8 comments

  • al_hag 1 day ago
    • mckelveyf 1 day ago
      Thank you! Hope you find it interesting!
      • hn_user82179 1 day ago
        is this your book? thanks for sharing! This isn't at all my domain of knowledge but I have a little unexpected free time on my hands and am excite to learn something new. Your book Internet Daemons looks interesting too
        • mckelveyf 1 day ago
          Yeah, it's my book and happy to answer any questions too. Internet Daemons is open access too: https://www.internetdaemons.com/

          I'm Fenwick dot McKelvey at Concordia dot ca if you have questions.

  • boznz 1 day ago
    Thank you for this, I'm going to give it a read.

    I am unfortunately very bearish on politics in general. All politicians think short term, look after themselves, their families, their friends, and their interests first; Facts, and working simulations just get in the way. (I am still looking for a politician that is an exception to this rule) Human nature is unfortunately real, and the only way I can see to "solve politics" is to remove human's entirely, but that comes with a whole new set of issues and is another book I guess.

    • left-struck 1 day ago
      I think a better way to run a democracy might be to have our leaders chosen at random. Sounds like a joke, but I’m serious:

      https://en.wikipedia.org/wiki/Sortition

      • Lord-Jobo 9 hours ago
        Certainly I think it’s something worth actually trying in the modern age. We’ve had quite a long run now of the representative democracy, I think we should all be open to talking about and trialing these “okay so what’s next?” Options. Before crisis or collapse makes the decision for us.
      • mckelveyf 1 day ago
        There is such an enduring link between democracy, elections and math. What I interesting was the focus on trying to model politics correctly rather than "better" with computers. I dug up some good games and programs from the early days that I have to put online sometime.
      • gowld 11 hours ago
        This is how the criminal courts operate (juries).
    • jerojero 20 hours ago
      Theres a big problem, which has been described by many philosophers and political theorists (from socrates to Machiavelli) which is that politicians are first and foremost self-serving.

      Most political work is not done for the population as a whole but for the own continuing of the political class and personal enrichment. Yes, sometimes these incentives align with the interests of the constituents. But if politics is about compromise and you have two groups with opposing views whose only common ground is "we are all politicians here" its most likely that a lot of the agreements are going to benefit the political class.
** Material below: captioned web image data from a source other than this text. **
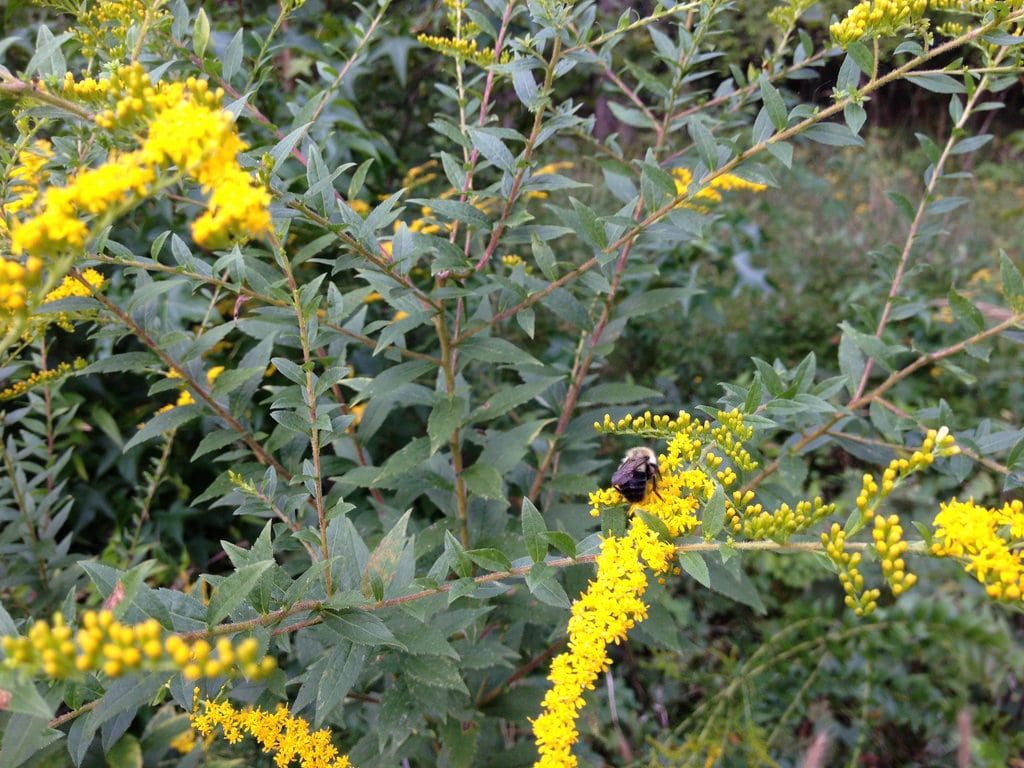 Wrinkled Goldenrod Plant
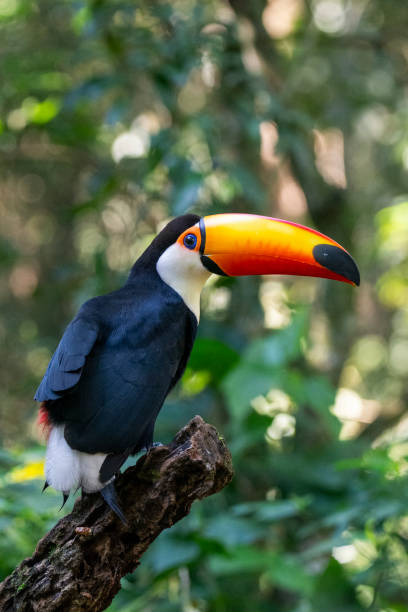 istock Beautiful toucan in Foz do Iguacu 1677235809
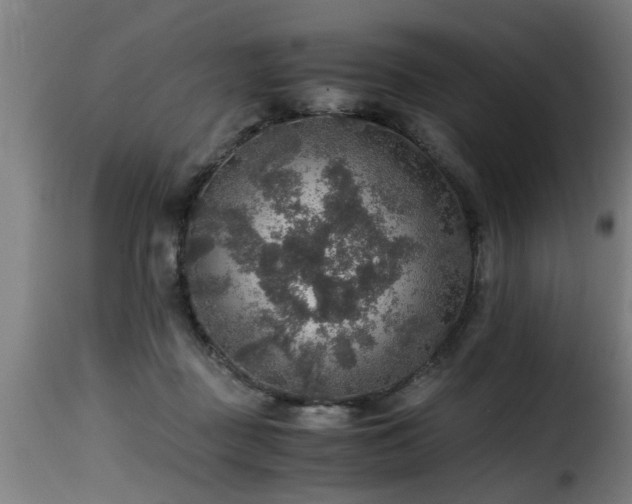 X0000116000363200911191429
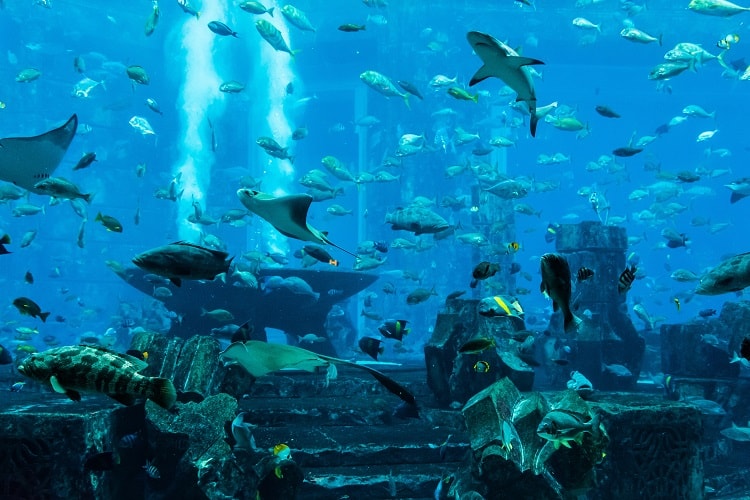 Aquarium Dubai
      There's people arguing for sortition and sortition (at least as citizens assemblies, the way the OECD describes) tries to solve this problem. As people go into an assembly and don't have other incentives than to defend their own positions with regards to a certain topic of discussions. Its not a permanent body and that gets rid of some of the perverse incentives of politicians.

    • oezi 1 day ago
      I get the bearish case but it is easy to forget how much difference good vs bad politics can have and that politics isn't primarily a game of facts. It is an optimization problem under many unknowns and its history is littered with academic theories debunked and hard won compromises.
      • mckelveyf 1 day ago
        I mean it's debatable that it's an optimization problem but it's been tried. One thread in the book is the reaction the Limits of Growth. That model extrapolated trends, very abstractly, to predict the future. A successor, the Latin American World Model or the Bariloche Model, tried to imagine an ideal world and optimize for it. Very different approaches and a good question to ask when you hear someone talking about computer simulations.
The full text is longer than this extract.